Rispetto ad altri ambiti dove se ne percepisce l’obsolescenza [quali? Non ci viene detto, ovviamente], sui “temi di genere” resiste una lettura paramarxista dei rapporti sociali in termini di contrapposizione di classe [fosse pure vero, ma da parte di chi? Di tutti/e? Tutti/e paramarxisti/e? Sicuro sicuro sicuro?]. Gli uomini sono visti come la classe dominante e le donne come la classe subalterna [davvero? Spiegalo a questi altri geni qui, dài, voglio proprio vedere come fai] e si ritiene, pertanto, che una condizione di “giustizia” possa essere conseguita solo attraverso l’intervento dello Stato per forzare un riequilibrio di potere politico, economico e sociale [non so di cosa sia definizione quest’ultima frase, ma certo non delle famigerate “quote rosa”]. In realtà questa lettura dei rapporti tra i generi come oppressione di un sesso sull’altro appare molto artificiosa [certo, come no – sulla base di cosa appare molto artificiosa? Non viene detto, non sapremo neanche questo, però diciamolo lo stesso, macheccefréga]; obiettivamente è più ragionevole pensare che uomini e donne abbiano contribuito a sviluppare e a consolidare i ruoli sessuali tradizionali – entrambi al di là di tutto con vantaggi e svantaggi [certo, alle donne piacciono tanto i vantaggi decisi dall’uomo per loro. Capita che se si ribellano a questo schema rischiano di venire ammazzate; e vabbè, al di là di tutto la vita è un rischio, si sa] – semplicemente perché probabilmente per lungo tempo essi erano gli unici compatibili con la sopravvivenza della specie [ah, “quello che non è la natura!” (cit.). E’ così che il maschio medio si spiega lo status quo: è stata la natura, l’evoluzione della specie a decidere che il mio sesso conta di più, mentre l’altro sesso ha barattato il suo ruolo politico, economico e sociale per stare al sicuro a casa a lavare i piatti. Beh, sì, solo un bel maschione può arrivare a pensare che tutto ciò sia naturalmente conveniente per tutti e due i sessi].
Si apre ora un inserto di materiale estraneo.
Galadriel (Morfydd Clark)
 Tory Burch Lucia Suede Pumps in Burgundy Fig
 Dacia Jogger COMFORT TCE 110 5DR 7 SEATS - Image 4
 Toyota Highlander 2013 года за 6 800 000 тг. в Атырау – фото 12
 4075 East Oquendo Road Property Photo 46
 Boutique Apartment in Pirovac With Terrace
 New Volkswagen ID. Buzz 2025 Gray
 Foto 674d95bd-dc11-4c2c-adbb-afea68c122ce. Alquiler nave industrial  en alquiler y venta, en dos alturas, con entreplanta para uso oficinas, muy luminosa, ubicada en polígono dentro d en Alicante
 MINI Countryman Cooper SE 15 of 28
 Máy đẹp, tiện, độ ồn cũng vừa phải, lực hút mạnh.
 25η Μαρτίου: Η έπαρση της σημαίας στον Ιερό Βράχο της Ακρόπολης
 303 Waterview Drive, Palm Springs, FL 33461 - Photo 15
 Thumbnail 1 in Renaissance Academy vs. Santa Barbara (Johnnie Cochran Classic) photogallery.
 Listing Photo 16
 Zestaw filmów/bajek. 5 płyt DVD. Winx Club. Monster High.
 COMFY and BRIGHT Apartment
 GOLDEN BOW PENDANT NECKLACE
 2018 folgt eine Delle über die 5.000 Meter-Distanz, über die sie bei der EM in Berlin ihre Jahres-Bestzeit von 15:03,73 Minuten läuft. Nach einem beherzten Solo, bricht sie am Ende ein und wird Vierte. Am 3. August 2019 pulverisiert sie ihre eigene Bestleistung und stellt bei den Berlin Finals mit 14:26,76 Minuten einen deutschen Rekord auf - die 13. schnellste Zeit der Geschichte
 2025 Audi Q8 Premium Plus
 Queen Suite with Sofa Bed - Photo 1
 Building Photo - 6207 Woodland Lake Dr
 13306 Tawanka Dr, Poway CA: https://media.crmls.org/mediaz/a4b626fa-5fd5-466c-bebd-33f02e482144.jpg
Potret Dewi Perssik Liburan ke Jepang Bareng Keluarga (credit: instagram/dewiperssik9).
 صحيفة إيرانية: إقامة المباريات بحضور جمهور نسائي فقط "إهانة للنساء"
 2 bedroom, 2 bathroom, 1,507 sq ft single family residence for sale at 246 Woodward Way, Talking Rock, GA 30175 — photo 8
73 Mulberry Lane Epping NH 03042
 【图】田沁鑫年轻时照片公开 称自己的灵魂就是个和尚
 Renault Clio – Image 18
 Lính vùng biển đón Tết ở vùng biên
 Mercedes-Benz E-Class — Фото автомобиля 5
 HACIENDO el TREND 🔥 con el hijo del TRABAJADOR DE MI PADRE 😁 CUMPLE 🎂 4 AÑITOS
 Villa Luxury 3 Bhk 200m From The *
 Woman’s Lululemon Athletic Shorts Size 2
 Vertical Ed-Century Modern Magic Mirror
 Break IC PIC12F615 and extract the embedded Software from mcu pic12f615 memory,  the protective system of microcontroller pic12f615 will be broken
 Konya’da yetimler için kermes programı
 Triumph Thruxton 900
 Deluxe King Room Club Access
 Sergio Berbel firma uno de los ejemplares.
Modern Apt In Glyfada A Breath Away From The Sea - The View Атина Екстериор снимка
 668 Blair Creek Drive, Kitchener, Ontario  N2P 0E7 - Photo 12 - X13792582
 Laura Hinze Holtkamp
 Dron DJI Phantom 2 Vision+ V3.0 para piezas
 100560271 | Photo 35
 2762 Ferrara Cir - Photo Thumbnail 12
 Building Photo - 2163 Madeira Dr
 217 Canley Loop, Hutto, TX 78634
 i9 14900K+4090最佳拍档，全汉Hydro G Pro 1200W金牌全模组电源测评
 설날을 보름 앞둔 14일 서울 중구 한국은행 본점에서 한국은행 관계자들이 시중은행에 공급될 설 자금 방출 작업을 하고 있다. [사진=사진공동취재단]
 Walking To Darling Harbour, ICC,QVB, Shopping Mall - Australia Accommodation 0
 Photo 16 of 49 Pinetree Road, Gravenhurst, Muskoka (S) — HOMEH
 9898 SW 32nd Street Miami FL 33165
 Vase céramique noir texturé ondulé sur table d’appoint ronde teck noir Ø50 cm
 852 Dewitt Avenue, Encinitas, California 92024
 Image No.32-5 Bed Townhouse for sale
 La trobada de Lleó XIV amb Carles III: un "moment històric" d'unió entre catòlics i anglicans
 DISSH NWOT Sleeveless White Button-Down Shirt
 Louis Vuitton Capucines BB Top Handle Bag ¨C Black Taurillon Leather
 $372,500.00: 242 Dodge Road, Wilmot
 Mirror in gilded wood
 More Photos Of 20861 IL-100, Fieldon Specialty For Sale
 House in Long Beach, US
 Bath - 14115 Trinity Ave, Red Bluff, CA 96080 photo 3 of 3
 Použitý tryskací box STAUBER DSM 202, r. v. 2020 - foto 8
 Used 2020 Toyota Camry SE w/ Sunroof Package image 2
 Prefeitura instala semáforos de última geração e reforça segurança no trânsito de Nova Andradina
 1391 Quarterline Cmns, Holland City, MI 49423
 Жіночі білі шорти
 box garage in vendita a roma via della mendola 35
La verità è che il game changer [lo ammetto, ho dovuto usare Google per sapere che vuol dire, però ci sono arrivato da solo a capire che ‘sto parolone sta lì solo per bellezza] nel rapporto tra uomini e donne – quello che poi ha dato il la a tutte le speculazioni teoriche successive – è stato il progresso tecnologico che nell’ultimo secolo e mezzo ha reso la produttività umana sempre meno dipendente dalla forza fisica e di conseguenza ha aperto la strada a una modifica sostanziale di equilibri che erano rimasti stabili nei secoli [capito che scherzo abbiamo combinato alla natura? Lei aveva fatto il maschio forte e la femmina debole, e andava benissimo così a tutti; noi con la tecnologia ci siamo permessi di scombinare questo equilibrio così perfetto. Perfetto per quello forte, ovviamente, ma questo il nostro genio ben si guarda dal dirlo]. È in questo contesto che si inseriscono la straordinaria evoluzione della condizione femminile, ma necessariamente anche molte importanti trasformazioni che riguardano gli uomini e il concetto di maschilità. Limitare l’analisi sociologica e politica alla questione dell’avanzamento delle donne è un approccio parziale che non fornisce una buona chiave di lettura della questione di genere nel suo complesso [lo sta dicendo uno che finora non ha avallato le sue panzane con un dato che sia uno, una ricerca che sia una, un minimo di base teorica o scientifica. Per ora ha solo detto che l’òmo c’ha più muscoli della donna e la tecnologia ha fatto un casino, cosa questa che quindi non sarebbe parziale ma una buona chiave di lettura della questione di genere nel suo complesso. L’importante è crederci].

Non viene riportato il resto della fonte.